La cinquième loi fondamentale du professeur Carlo Cipolla, pince-sans-rire émérite, avance que les individus stupides sont les plus dangereux: sachant que leur proportion σ (sigma) est toujours et partout sous-estimée, nous voici en présence d'un sévère avertissement, appuyé sur une démonstration récréative en forme de traité mathématique. Et l'on rit de bon cœur bien que ce ne soit pas très indiqué au moment où, consternante allégation de l'orateur, l'humanité est dans le pétrin et que c'est la chienlit.
Suivons le début de l'exposé.
Supposons en abscisse (ligne horizontale) les actes d'un individu (ou d'un groupe) donné X et en ordonnée (ligne verticale) les conséquences de ses actions pour les autres Y. À droite de l'axe horizontal, les actions de X qui lui procurent un profit, vers le haut de l'axe vertical, les bénéfices pour les autres.
Si X pose une action à son profit et qu'il en résulte des avantages pour autrui, on le classera dans la zone supérieure droite de notre graphique, c'est-à-dire, et à juste titre, parmi les Intelligents. Si X agit à son avantage au détriment des autres – s'il vole par exemple – on le classera dans la zone inférieure droite parmi les Bandits.

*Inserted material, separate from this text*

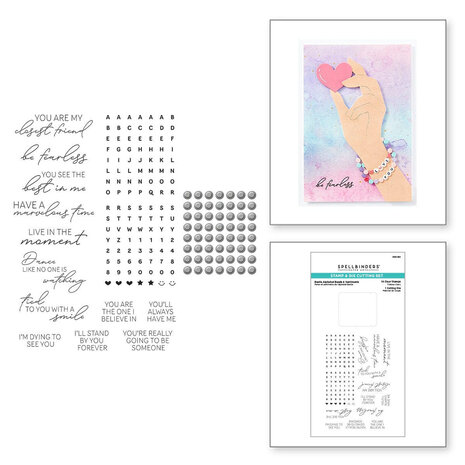 Spellbinders Beads of Friendship Bestie Alphabet Beads & Sentiments Stamp & Die Set (SDS-194)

Vous avez immédiatement compris qu'à gauche de la verticale se trouvent les perdants: au nord-ouest, les personnes roulées, dupées, exploitées, soit les Crétins, et, ô fléau, les individus non seulement néfastes pour autrui mais aussi pour eux-mêmes, occupent le dernier quadrant: ce sont les Stupides, la proportion σ qu'on trouvera partout indépendamment de leur sexe, race, âge, classe et profession, ce qui précisément les rend redoutables.
En progressant dans les cinquante pages de ce petit traité à la rhétorique académique, on apprend que les Bandits à tendance stupide, à savoir ceux qui causent grands dommages collatéraux pour de maigres bénéfices, se situent de plus en plus parmi les gens de pouvoir. C'est là précisément que les proportions deviennent inquiétantes, car la proportion de Crétins augmente... Et c'est la chienlit donc. CQFD.
Ce petit livre, rédigé au départ en anglais et repris par un éditeur méconnu les Mad Millers1 dans les années 70, a été édité en langue italienne en 1988. Best-seller international, nous disposons aujourd'hui de la version française aux Puf (2012). Son auteur Carlo M. Cipolla est un historien réputé de l'économie italienne.
Il doit certainement le succès de son génial petit livre au bon goût de ne jamais suggérer au lecteur qu'il n'est a priori pas exclu de la proportion σ de Stupides.